Friday, March 8, 2013

The Consequences of Denial

From mine of 13 Feb 2012:

Anyway, Bullard. He says if we overestimate potential output and set policy by it, we will encourage excessive demand and we will get inflation like we got in the 1970s. (And, he says, inflation is already above target.)

Everybody else says the economy is not growing enough, and we don't have jobs enough, and unemployment is too high, and demand is insufficient, not excessive.

How can there be such a difference in views? I think the trouble arises from the way we explain inflation. Here's Mitchell again:

Inflation is driven by nominal aggregate demand growth that exceeds the capacity of the economy to respond in real terms – that is, to increase output.
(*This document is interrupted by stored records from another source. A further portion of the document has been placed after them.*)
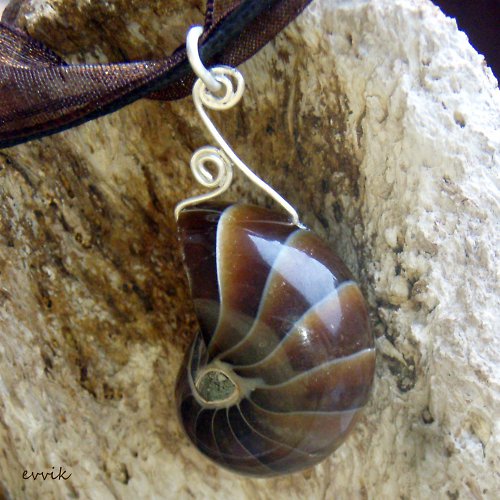 Nautilus - sbírkový kus — foto 4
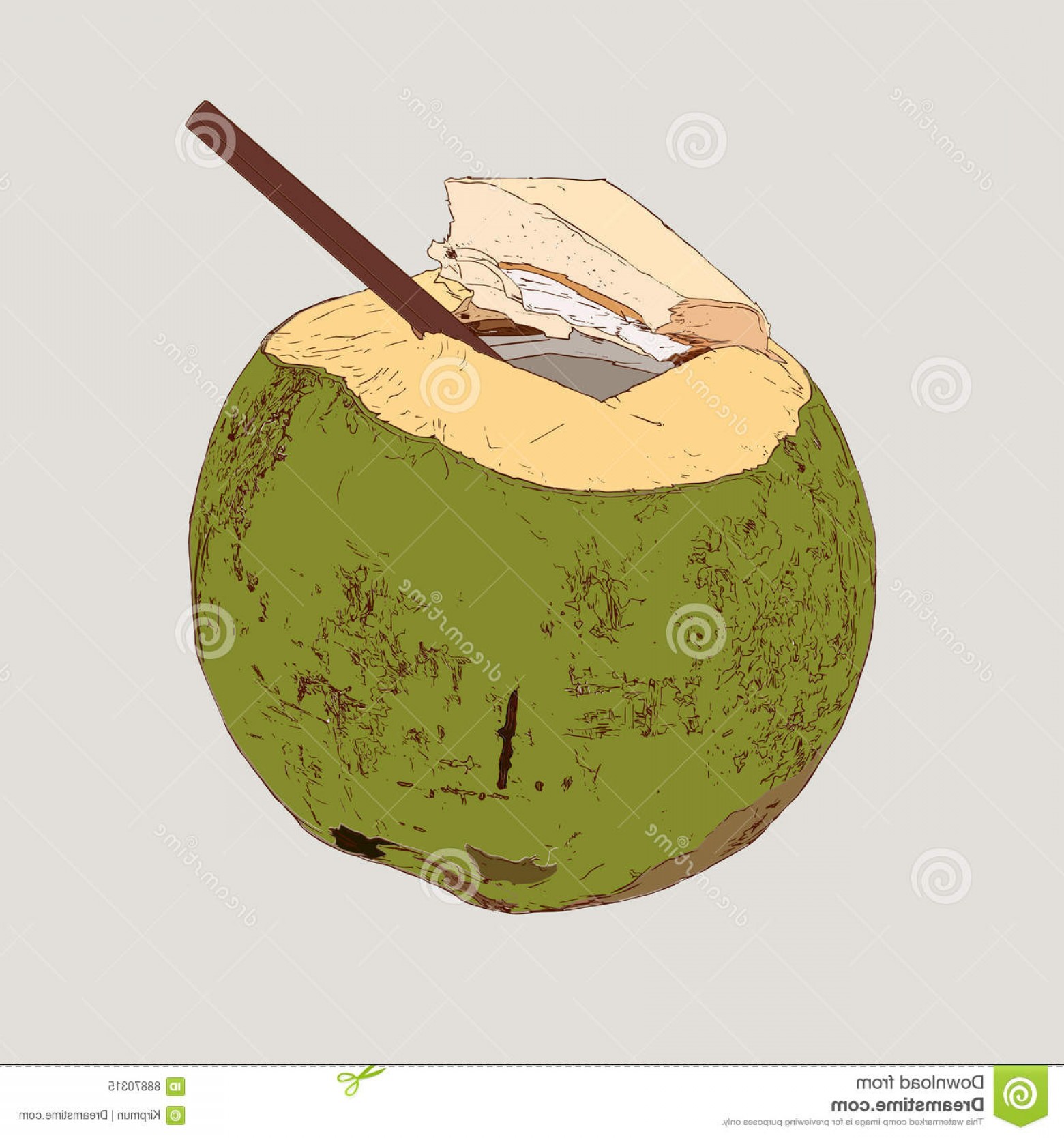 1560x1668 Coconut Vector Hoodamath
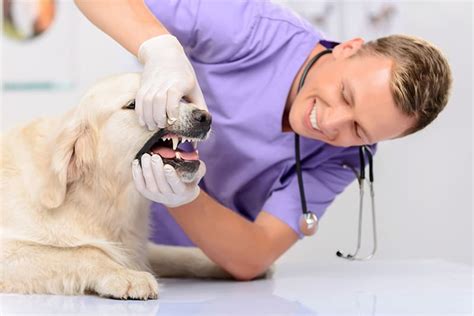 What Does a Vet Do During a Routine Checkup | Richmond Vets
Too much money chasing too few goods. For Billy, as for Milton and Anna, inflation is caused by excessive demand -- by demand "that exceeds the capacity of the economy to respond". Demand being excessive relative to potential output is the cause of inflation, they say. Exactly what Jim Bullard says.

If you think of inflation along those lines, and you admit we're getting inflation already, then you end up thinking that "the capacity of the economy to respond" must somehow have been crippled. You end up thinking that there must have been a sudden drop in potential output. Exactly what Jim Bullard says.

But all we need -- if we wish to undermine Jim Bullard's argument -- is to realize that demand-pull isn't the only inflation story there is. There is also a cost-push inflation.